Keharmonisan persaudaraan tersebut semakin terlihat sejak datangnya pandemi Covid-19. Program-program yang digagas jemaat semenjak pandemi telah membantu perekonomian penduduk Kalaksanan. Covid-19 memberi pelajaran bahwa krisis tidak memandang agama! 

Berjuang di  masa pandemi

Pada awal pandemi covid-19, mengikuti protokol kesehatan dari pemerintah, seluruh kegiatan peribadahan langsung di GKP Kalaksanan berhenti dan pindah ke rumah masing-masing warga. Majelis Jemaat membuat dan menyebarkan panduan kebaktian mingguan ke tiap-tiap wilayah. Ini menjadi tantangan tersendiri karena membuat pengeluaran kas jemaat menjadi cukup besar. 

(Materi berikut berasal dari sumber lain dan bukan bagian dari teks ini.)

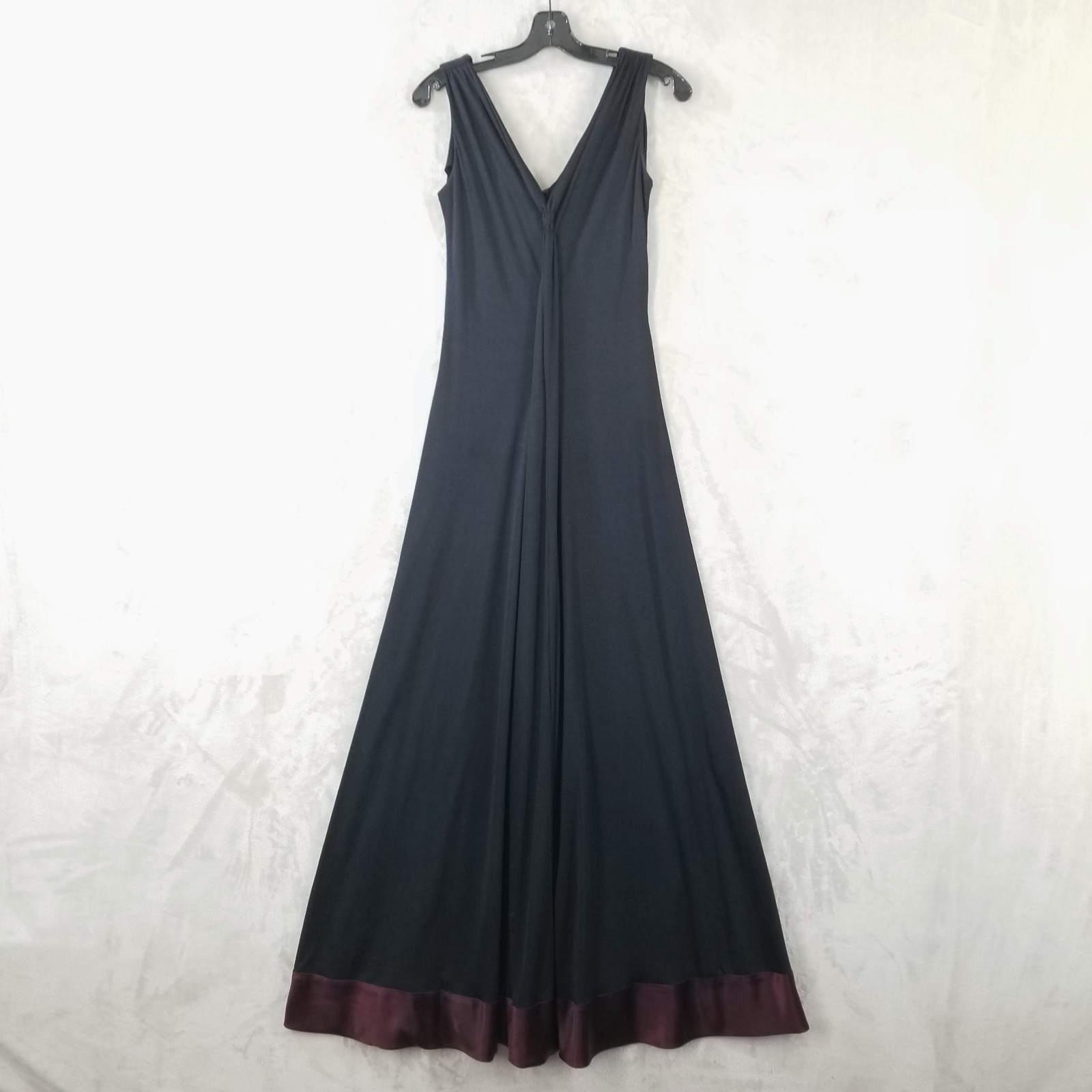 Vintage Maxi Dress XS Black Gathered Front Satin Trim Sleevless Union Made 60’s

“Kami tidak bisa beribadah secara online karena mayoritas warga jemaat GKP Kalaksanan tidak memiiki android,”terang Pdt. Arni Mince Bitjara, pendeta GKP Kalaksanan. “Selain itu jaringan internet di Kalaksanan tidak stabil bahkan sering mati jika turun hujan atau mati lampu,”lanjutnya.  Ketika adaptasi kebiasaan baru mulai diberlakukan, jemaat GKP Kalaksanan mulai membuka peribadahan langsung di gedung gereja secara bergiliran untuk wilayah (sektor-sektor) anggota GKP Kalaksanan.

Mencari Jalan Keluar  

Ketika pandemi mulai menyerang, dampaknya bukan hanya persoalan kesehatan maupun pembatasan aktivitas. “Warga mengalami krisis ekonomi,”kata Pdt. Arni. Pandemi Covid-19 telah merusak pondasi kepercayaan diri dan mental yang telah dibangun warga selama bertahun-tahun. “Ekonomi keluarga memburuk. Banyak anak akhirnya putus sekolah karena tidak siap dengan sistem Pendidikan Jarak Jauh yang diterapkan selama pandemi. Setelah keluar dari sekolah banyak anak usia remaja menikah di usia dini. Banyak anak usia sekolah yang mestinya masih harus menuntut ilmu di bangku sekolah menengah akhirnya harus bekerja di usia yang sangat dini. 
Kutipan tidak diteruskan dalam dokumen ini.